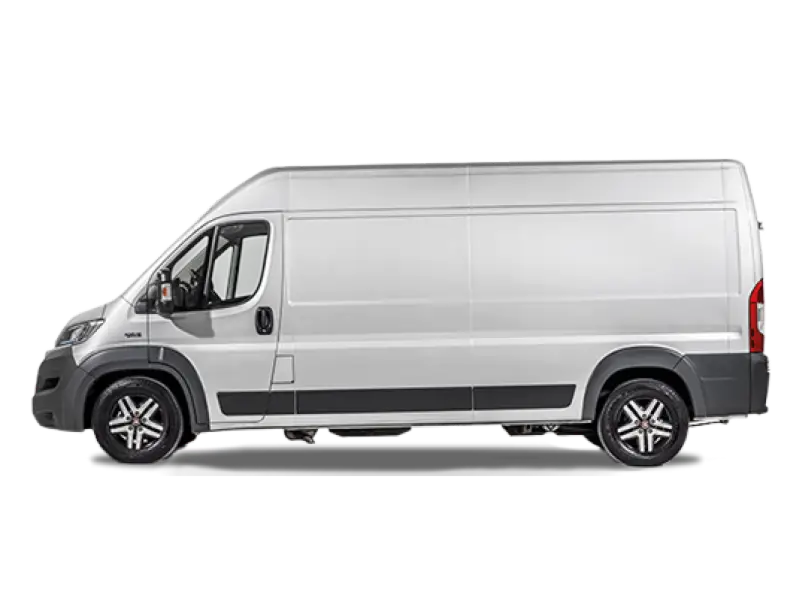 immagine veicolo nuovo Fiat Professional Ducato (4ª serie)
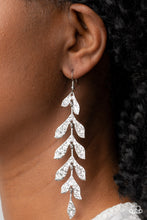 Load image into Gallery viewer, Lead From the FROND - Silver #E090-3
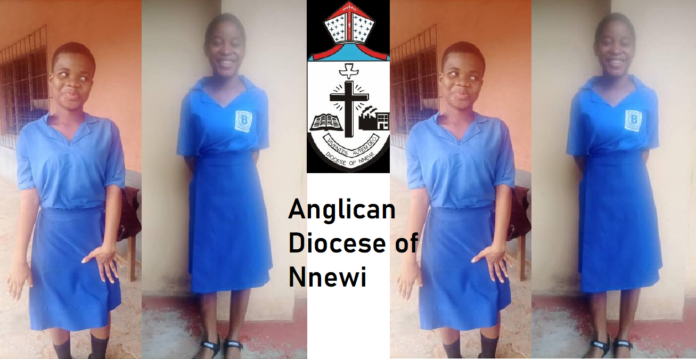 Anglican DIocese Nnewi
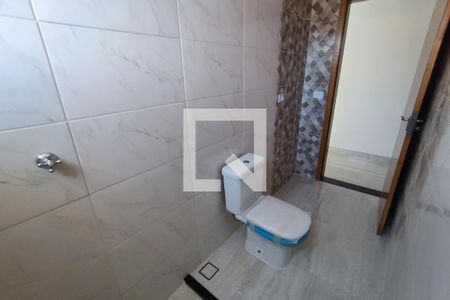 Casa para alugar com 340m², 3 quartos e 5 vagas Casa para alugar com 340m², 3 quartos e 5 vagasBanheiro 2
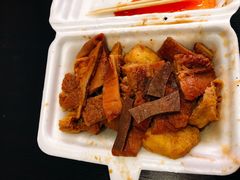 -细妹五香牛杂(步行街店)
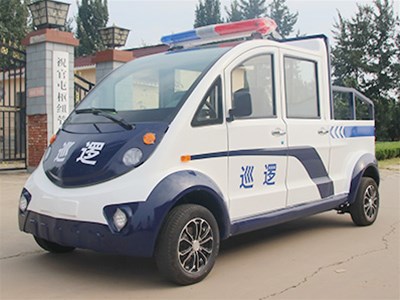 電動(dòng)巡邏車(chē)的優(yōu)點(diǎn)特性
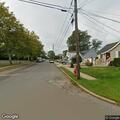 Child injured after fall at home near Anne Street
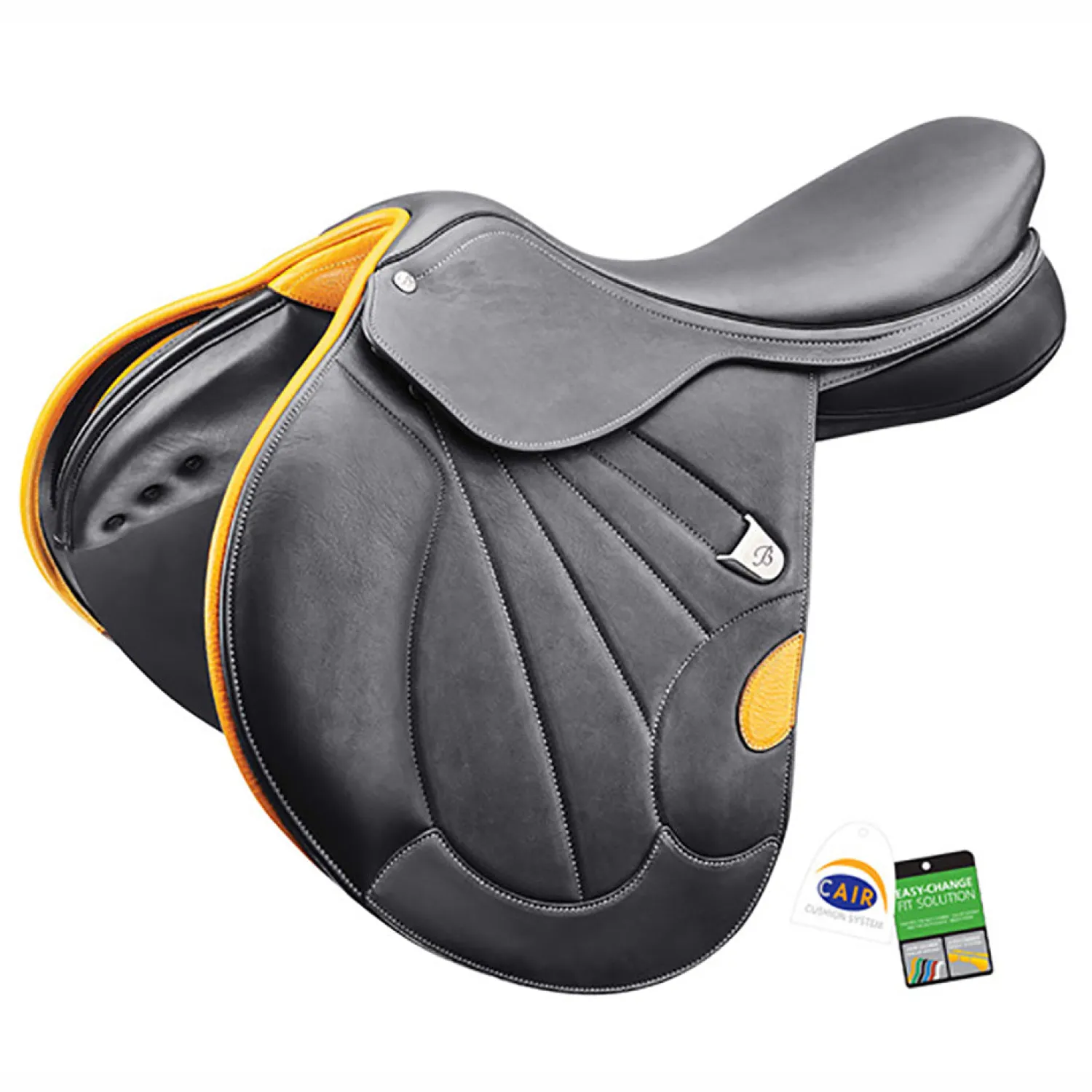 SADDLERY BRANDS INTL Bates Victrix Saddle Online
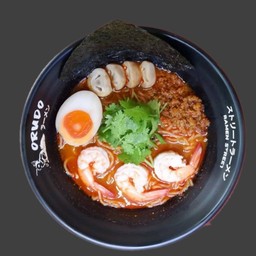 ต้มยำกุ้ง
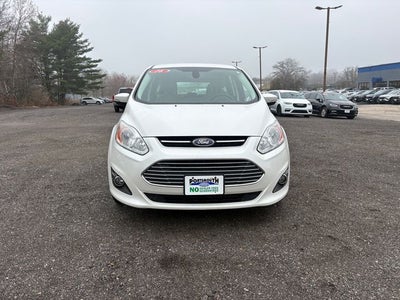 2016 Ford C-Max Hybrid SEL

**WHAT YOU NEED TO DO**: Every line from the top of the records above to the line with "-细妹五香牛杂(步行街店)", inclusive, should be duplicated exactly, minus the pictures.

**ANSWER**:
 immagine veicolo nuovo Fiat Professional Ducato (4ª serie)
 Load image into Gallery viewer, Lead From the FROND - Silver #E090-3
 Anglican DIocese Nnewi
 Casa para alugar com 340m², 3 quartos e 5 vagas Casa para alugar com 340m², 3 quartos e 5 vagasBanheiro 2
 -细妹五香牛杂(步行街店)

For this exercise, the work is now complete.